■ **Supplied material**
· · · · ·

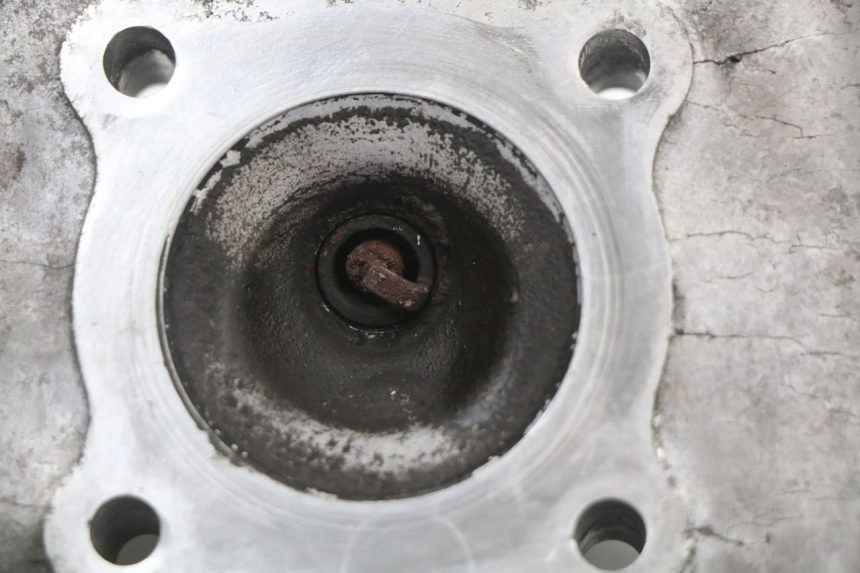 photo de CULASSE PEUGEOT STREETZONE 2T 50 (2014 - 2019) - État de surface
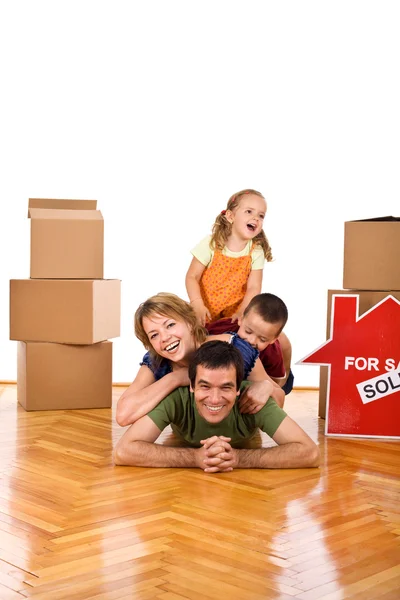 Gelukkige familie in hun nieuwe huis — Stockfoto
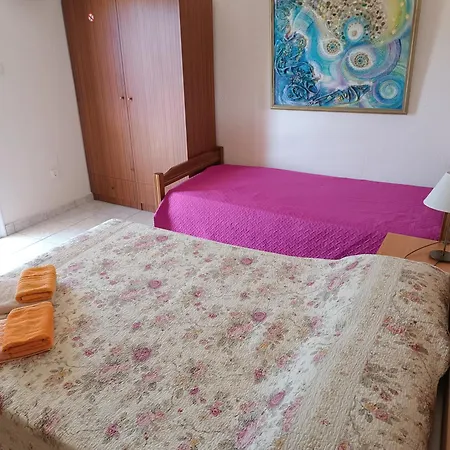 Anestis & Apartmán *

· · · · ·

■ **Goal of the exercise**
Leave the pictures out, and reproduce only the lines from the line holding "Gelukkige familie in" through the last line of the material, both included.

■ **Answer to this exercise**
 Gelukkige familie in hun nieuwe huis — Stockfoto
 Anestis & Apartmán *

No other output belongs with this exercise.